The operative previously worked for Scott’s Senate office.

Political consultant backing Tim Scott spewed the N-word during card game

A political consultant closely tied to the effort to elect Tim Scott president repeatedly used the N-word when he was playing a card game with friends, a video obtained by POLITICO shows.

Anton Castaneda is the main adviser to Opportunity Matters Fund, a super PAC that is doing work in early primary states to support Scott’s campaign. It has paid Castaneda’s firm more than $1.3 million in the last several years for strategy, fundraising and digital consulting and ad production. He is a former congressional staffer for two prominent Black Republican politicians: Scott (R-S.C.) and former Rep. Will Hurd (R-Texas).

The undated video shows Castaneda smiling and speaking in rapid fire as he boasts and jokingly insults his friends.

“N----r,” Castaneda says to the camera, drawing the word out in the video. “Come your ass over here. Look at this dirty ass n----r. He’s my n----r,” pointing to a friend at the card table and calling him a “dirty little white boy.” He then uses the N-word three more times, at one point saying, “These n----rs can’t even do math.”

At another point, he said to one of his friends he would “go fucking Nazi on your ass.”

Castaneda is the founder of Mountaintop Advisors, a firm to which Opportunity Matters Fund has paid more than any other political consulting outfit over the last several years, according to FEC records. Scott has spoken about the need to move past racism in the country.

Castaneda declined to comment but did not deny the authenticity of the video. A spokesperson for Scott’s campaign also declined to comment.

The 36-second video was provided by an operative working to elect a rival candidate. The person shared it on condition of not being identified. It’s unknown when and where the video was filmed. The friends of Castaneda in the clip could not be identified.


One of Castaneda’s first jobs in politics was working for Scott as a legislative correspondent in 2017. He joined Hurd’s office as a legislative assistant in 2018, according to his LegiStorm profile. The next year he was a programs and strategy director for Empower America Project, a conservative leadership training organization for which Scott has served as an “honorary chairman.”

Castaneda started Mountaintop Advisors in July 2020, according to a Virginia business record. Within the first six months of his firm’s launch, Opportunity Matters Fund had paid Mountaintop Advisors almost $500,000.

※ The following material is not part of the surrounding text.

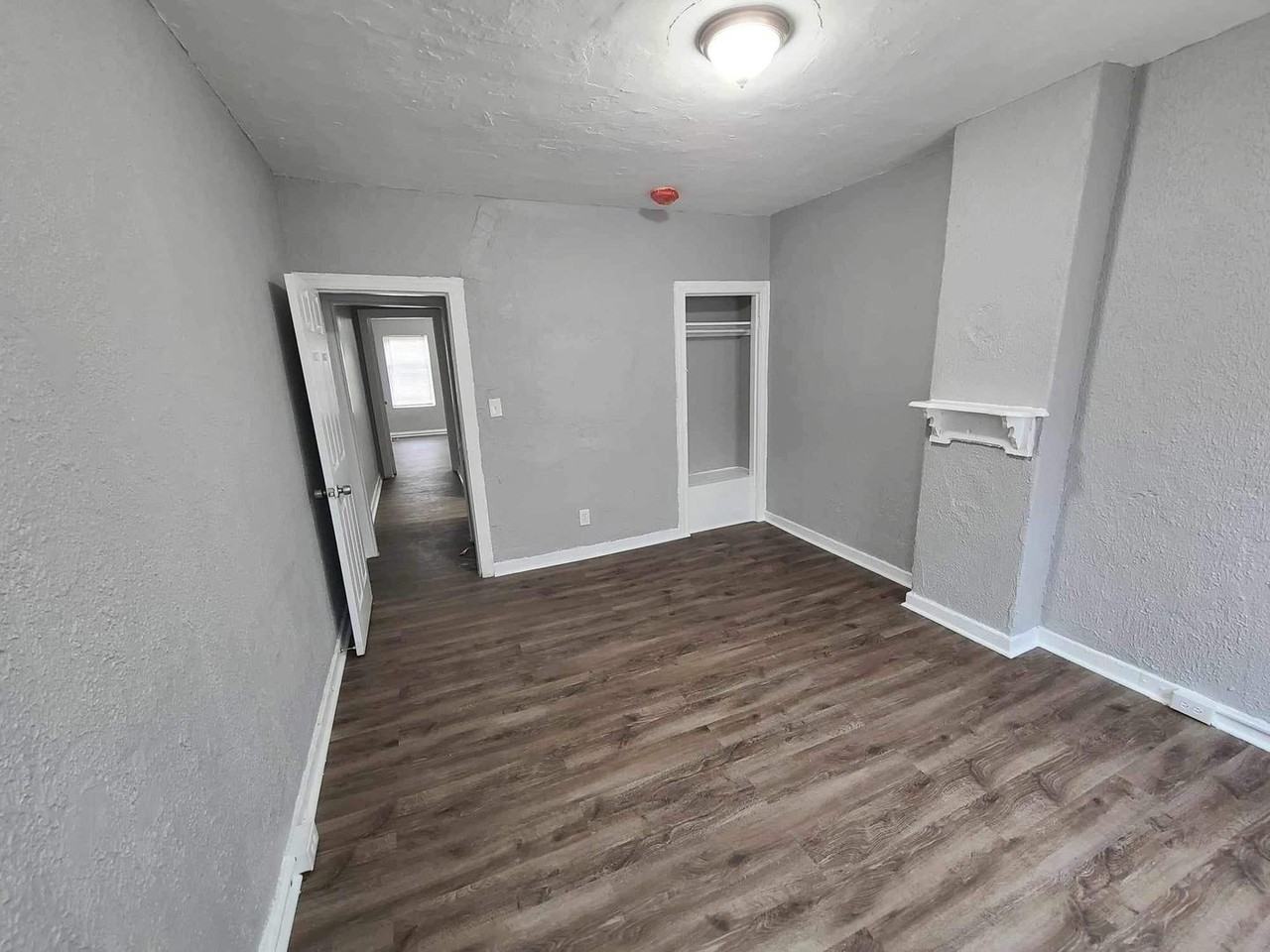 1350 Carroll St - Photo 6 of 10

A person familiar with the matter said Castaneda effectively leads Opportunity Matters Fund as its main point person.

The firm has performed a number of tasks for the super PAC, including strategy, fundraising consulting, digital consulting, website development, ad production and data acquisition and modeling, according to FEC records. The PAC was funded in large part by Oracle billionaire Larry Ellison, who has given at least $25 million, while Las Vegas casino billionaire Steve Wynn has given $1 million.

Castaneda’s face appeared in a disclaimer of a TV ad that Opportunity Matters Fund ran in the Virginia governor’s race in 2021. Scott helped narrate the spot advocating for Glenn Youngkin.

The main super PAC now backing Scott’s campaign is called TIM PAC. The person familiar with Opportunity Matters Fund told POLITICO that that PAC is still doing some work, including sending pro-Scott mailers to voters in early states.

Besides his work to boost Scott, Castaneda’s firm was paid $16,000 three months ago by Bluegrass Freedom Action, an outside group that backs Kentucky Attorney General Daniel Cameron, another Black Republican, in his bid for governor. Castaneda is listed as a director of that group in Kentucky business records.

Neither Bluegrass Freedom Action nor Cameron responded to requests for comment. 

In a 2021 response to a joint address to Congress by President Joe Biden, Scott said he’s been called the N-word by progressives and liberals. He also said during that speech that “America is not a racist country.”